Assignment:
In the entries below, find the lines that include "para" and give their number as the whole reply.

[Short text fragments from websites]
=-=-=-=-=
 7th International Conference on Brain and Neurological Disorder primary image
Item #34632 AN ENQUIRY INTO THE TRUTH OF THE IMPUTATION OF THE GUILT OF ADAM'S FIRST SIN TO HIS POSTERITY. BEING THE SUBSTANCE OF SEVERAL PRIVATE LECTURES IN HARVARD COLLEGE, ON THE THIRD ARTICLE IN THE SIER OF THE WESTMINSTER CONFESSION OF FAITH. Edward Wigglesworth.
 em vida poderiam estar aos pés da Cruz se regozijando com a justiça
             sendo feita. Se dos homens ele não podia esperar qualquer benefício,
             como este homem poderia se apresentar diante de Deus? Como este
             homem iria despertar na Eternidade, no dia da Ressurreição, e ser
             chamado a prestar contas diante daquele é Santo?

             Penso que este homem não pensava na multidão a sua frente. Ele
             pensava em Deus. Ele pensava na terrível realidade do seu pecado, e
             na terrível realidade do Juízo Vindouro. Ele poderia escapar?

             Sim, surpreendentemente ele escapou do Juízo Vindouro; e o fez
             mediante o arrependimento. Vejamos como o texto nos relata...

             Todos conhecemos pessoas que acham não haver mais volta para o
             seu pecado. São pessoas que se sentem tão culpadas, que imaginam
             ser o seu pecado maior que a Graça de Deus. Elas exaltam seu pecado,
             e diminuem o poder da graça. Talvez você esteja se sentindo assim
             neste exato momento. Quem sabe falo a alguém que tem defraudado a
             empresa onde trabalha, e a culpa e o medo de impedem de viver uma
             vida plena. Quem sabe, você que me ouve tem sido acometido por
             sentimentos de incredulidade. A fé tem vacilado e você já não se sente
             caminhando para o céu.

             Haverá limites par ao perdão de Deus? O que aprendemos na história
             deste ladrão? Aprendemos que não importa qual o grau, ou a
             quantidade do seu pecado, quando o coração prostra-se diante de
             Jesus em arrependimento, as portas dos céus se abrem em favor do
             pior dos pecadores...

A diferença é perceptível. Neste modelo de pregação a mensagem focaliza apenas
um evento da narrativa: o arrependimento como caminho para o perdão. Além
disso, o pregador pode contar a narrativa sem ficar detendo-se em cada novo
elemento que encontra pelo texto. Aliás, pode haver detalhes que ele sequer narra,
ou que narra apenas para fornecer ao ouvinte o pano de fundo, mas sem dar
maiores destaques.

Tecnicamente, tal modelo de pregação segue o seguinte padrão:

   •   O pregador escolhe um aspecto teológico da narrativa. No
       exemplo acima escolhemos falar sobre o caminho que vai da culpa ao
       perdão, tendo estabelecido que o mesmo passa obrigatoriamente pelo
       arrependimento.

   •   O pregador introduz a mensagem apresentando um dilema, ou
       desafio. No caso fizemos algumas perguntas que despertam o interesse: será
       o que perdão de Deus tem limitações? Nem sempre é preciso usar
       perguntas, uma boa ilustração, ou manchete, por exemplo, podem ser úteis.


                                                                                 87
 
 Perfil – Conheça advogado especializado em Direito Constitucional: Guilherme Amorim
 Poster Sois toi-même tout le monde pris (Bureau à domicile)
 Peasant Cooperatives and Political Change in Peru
=-=-=-=-=
Exercise response:
4